• **Instructions for the task**
The line containing "昆明学院成绩认定时间及查询方式详解" and all lines following it in the listing below are to be reproduced exactly, with no other lines.

━━━ Extracted records

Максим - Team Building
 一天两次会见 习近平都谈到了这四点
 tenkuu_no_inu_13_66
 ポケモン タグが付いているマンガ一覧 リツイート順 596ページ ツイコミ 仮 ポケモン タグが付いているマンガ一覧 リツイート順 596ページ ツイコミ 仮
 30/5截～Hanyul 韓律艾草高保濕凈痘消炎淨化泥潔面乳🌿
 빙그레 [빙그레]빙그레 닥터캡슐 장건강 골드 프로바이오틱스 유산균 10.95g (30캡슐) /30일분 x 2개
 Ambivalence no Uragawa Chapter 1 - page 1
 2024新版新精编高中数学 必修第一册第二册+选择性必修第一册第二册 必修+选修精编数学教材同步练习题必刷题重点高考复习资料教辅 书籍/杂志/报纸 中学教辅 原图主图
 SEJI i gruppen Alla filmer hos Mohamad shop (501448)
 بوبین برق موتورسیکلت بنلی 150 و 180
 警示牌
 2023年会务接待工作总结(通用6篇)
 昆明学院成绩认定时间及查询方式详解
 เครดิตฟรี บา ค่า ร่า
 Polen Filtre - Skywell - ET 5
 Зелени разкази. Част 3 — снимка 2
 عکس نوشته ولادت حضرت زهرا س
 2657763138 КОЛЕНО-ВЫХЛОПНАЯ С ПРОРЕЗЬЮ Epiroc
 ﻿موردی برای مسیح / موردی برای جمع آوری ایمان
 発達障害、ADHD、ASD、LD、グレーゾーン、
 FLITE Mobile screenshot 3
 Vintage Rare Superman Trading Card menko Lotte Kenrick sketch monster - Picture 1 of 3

━━━━━━

• **Answer to the problem**
 昆明学院成绩认定时间及查询方式详解
 เครดิตฟรี บา ค่า ร่า
 Polen Filtre - Skywell - ET 5
 Зелени разкази. Част 3 — снимка 2
 عکس نوشته ولادت حضرت زهرا س
 2657763138 КОЛЕНО-ВЫХЛОПНАЯ С ПРОРЕЗЬЮ Epiroc
 ﻿موردی برای مسیح / موردی برای جمع آوری ایمان
 発達障害、ADHD、ASD、LD、グレーゾーン、
 FLITE Mobile screenshot 3
 Vintage Rare Superman Trading Card menko Lotte Kenrick sketch monster - Picture 1 of 3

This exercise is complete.